What happened in the early days of ETS
When the EU’s Emission Trading Scheme started operating in January 2005, the price of CO2 emissions quickly reached a peak of near €30/ton. However, as early as April 2005, several countries reported that their emissions were below the number of permits that had been allocated. This trend continued into 2007, causing the price of a ton of CO2 to collapse to €0.10 by September . This collapse was not just caused by the fact that the regulators had issued too many emission permits in the first place, though that was a significant factor. The relatively high price on CO2 in 2005 and most of 2006 actually drove firms to reduce their emissions. As a result, overall emissions declined faster than expected, thereby exacerbating the oversupply problem. The price recovered in 2008 to an average of €21/ton as the EU began the second phase of the ETS program and all unused permits were reset to zero. Though the global recession has depressed the price over the last few years as economic output has dropped, the market for CO2 permits has remained relatively stable.
History repeating itself?
On April 21, 2013, The New York Times reported that Europe’s persisting economic and political difficulties had once again created another situation of too many permits being available for purchase by polluters (the EU began auctioning off the permits rather than giving them away at the beginning 2013). By April 16, the price had fallen to under €5. The situation got worse later that day after the EU Parliament refused to reduce the number of permits to shore up the price of CO2, citing concerns about increasing the cost of energy at a time of economic difficulty.
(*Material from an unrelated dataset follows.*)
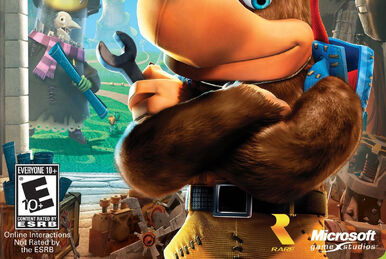 Banjo-Kazooie: Nuts & Bolts Xbox 360 Gameplay - GC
As a result, the price of plunged further to €2.63 in the span of about 10 minutes. The price has crept up slightly since. However, the market is still perilously close to collapsing .
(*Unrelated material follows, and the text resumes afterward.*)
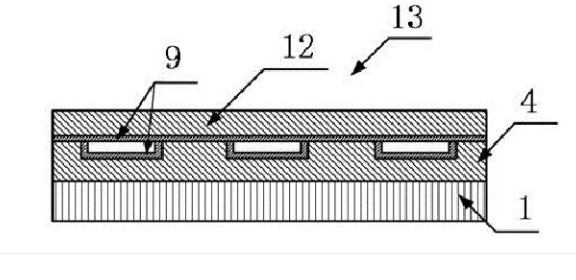 一种太赫兹金属镀层空芯矩形波导腔体铸、铣一体化成型制造方法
The Times notes that the current price of CO2 is too low to impact the behavior of entities that produce emissions. In addition, the current difficulties have further shaken the confidence of investors, traders, and banks in cap and trade, with as many as half of the early participants having already left the market . Furthermore, since the EU Parliament has refused to constrain the supply of permits, there is little else that can be done to shore up prices. It is also important to note that this problem is not just confined to the European carbon market. Many developing countries, including China, India, and Brazil, participate in the United Nations carbon market, where oversupply has caused the price of permits to plunge to €0.01 per metric ton of CO2 . This is even more alarming, as controlling the emissions of these countries is essential to combatting global climate change.
Despite all this negative news in recent weeks, there is still some hope for cap and trade schemes. Since European utilities and other large companies are now legally required to buy permits, it is unlikely the market for carbon will ever completely collapse. However, changes must be made to the forecasts used for permit allocation to eliminate the problem of oversupply. It should be noted that there is definitive evidence that the system can work. When the price of CO2 allocations was high in 2007-2008, many companies decided to install pollution controls or switch to cleaner energy technologies. As a result, emissions dropped over that period, which was the ultimate goal of the program. However, in order for the problem of oversupply to be avoided in the future, the forecasting must take into account that the system itself may cause emissions to drop faster than expected. As the past few years have shown, that is not an easy thing to predict.